Autant de détournement du programme de l'émission qui lui ont valu une bienveillance sur les réseaux sociaux, mais pas forcément l'unanimité, loin s'en faut : "Je ne me comportais pas comme eux, ça les a choqués. On n'avait pas préparé le terrain et on a vu la différence profonde entre ces gens-là et nous." Cette soirée du 4 avril reste un souvenir marqué au fer rouge dans sa mémoire et aussi dans celle des gens qui le croisent : "Ça a fait plaisir à plein de gens, des gens qui ont voté Hamon, y compris des gens qui ont voté Macron. Même aujourd'hui, dans le tram, dans la rue, les gens m'en parlent encore. Ça montrait une vraie colère, un besoin de dire des choses qu'on n'est pas autorisé à dire d'habitude."
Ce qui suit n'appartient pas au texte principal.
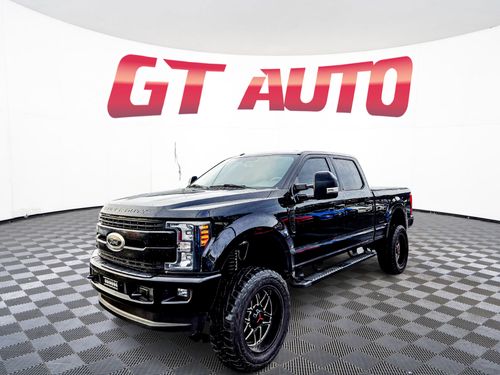 2019 Ford F-250 Super Duty Lariat Crew Cab Lower Image 1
"On m'a volé quatre minutes !"

Du débat, Jacques Cheminade ne retient pas grand chose de bon : "Déjà, on m'a volé quatre minutes. On n'a pas voulu poser la question d'une réforme financière en profondeur, à peine plus celle de l'éducation ou de la santé. Et, à chaque fois que je demandais la parole, on ne me la donnait pas, ou pas aux moments fondamentaux." Le natif de Buenos Aires en a conçu une frustration - "pas pour moi mais pour les Français qui voulaient un débat approfondi" - à l'égard des journalistes en général.

A qui il reconnait néanmoins une circonstance atténuante : l'affaire Fillon. "La campagne était confuse et a été focalisée sur l'affaire Fillon. A juste titre, il devait être mis en cause, mais ça ne devait pas occuper le centre de la campagne." Un avis que ne partage par Nathalie Arthaud : "C'était jouissif. Ecoutez, pour une fois que ces affaires étaient mises sur la table, qu'on pouvait mesurer de façon concrète cette arrogance, ces passe-droits dans le monde politique, je n'allais pas pleurer." La candidate communiste allait même s'en servir. "Pas pour dégommer les politiciens comme Philippe Poutou, mais pour m'expliquer sur l'existence des classes sociales : une bourgeoisie où tout est facile et les milieux populaires où on galère pour avoir le moindre stage."

"Mon équilibre n'a jamais été rompu"

Depuis, la vie, militante, forcément, a repris son cours. Pas polluée par les soucis financiers, chacun d'entre eux ayant fait une campagne dans les clous des 800.000 euros de forfait accordés à chaque candidat. Jacques Cheminade multiplie les tables rondes pour alerter sur la nécessité d'un développement mutuel pour éviter le risque d'écroulement financier. Ses 0,18% ne lui permettent pas, à son grand regret, de faire plus de médias. 

Philippe Poutou a repris l'usine, avec un jour de porte-parolat pour le NPA par semaine, et se dit que son coup de gueule du 4 avril a semé les graines de la contestation printanière qui saisit nos rues. Nathalie Arthaud, qui continuait à enseigner deux matinées par semaine dans son lycée d'Aubervilliers pendant la campagne, a repris son rythme normal : "Mon équilibre n'a jamais été rompu".